*** Dataset excerpt Section Begins ***

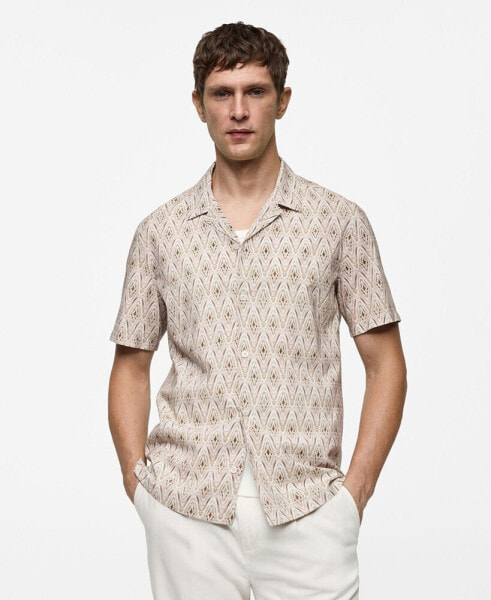 Men's Bowling Collar Printed Flowing Shirt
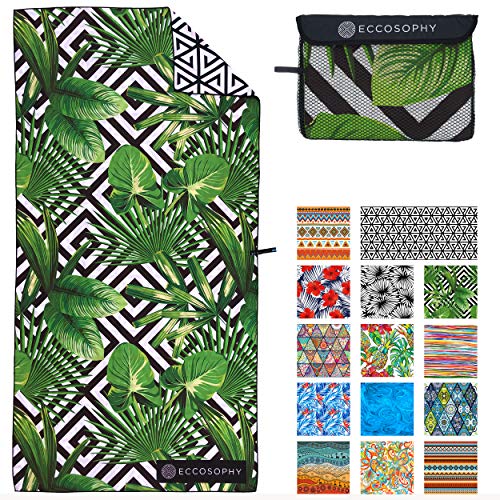 ECCOSOPHY Microfiber Beach Towel for Adults - Oversized Travel Beach Towels with Pouch - 71x35 inch Quick Dry Pool Towels - Large Sand Free Beach Towels (Madagascar)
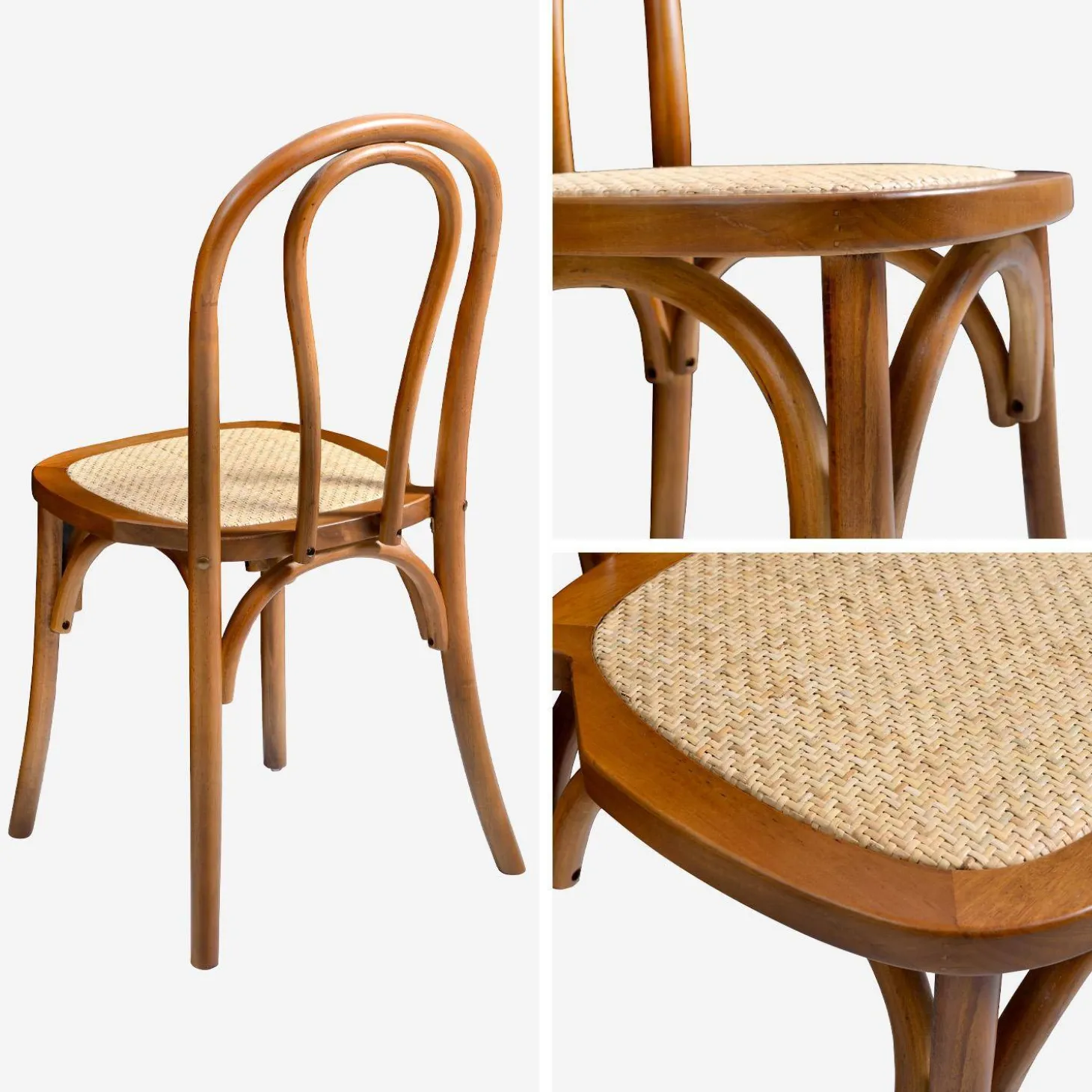 Silla vintage de madera y ratán, set de 2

*** Dataset excerpt Section Ends ***

▶ _Work instruction_: Output only the lines from the line that contains "ECCOSOPHY Microfiber Beach" through the end of the material, both ends included, and skip every picture.

▶ _Response to the exercise_:
 ECCOSOPHY Microfiber Beach Towel for Adults - Oversized Travel Beach Towels with Pouch - 71x35 inch Quick Dry Pool Towels - Large Sand Free Beach Towels (Madagascar)
 Silla vintage de madera y ratán, set de 2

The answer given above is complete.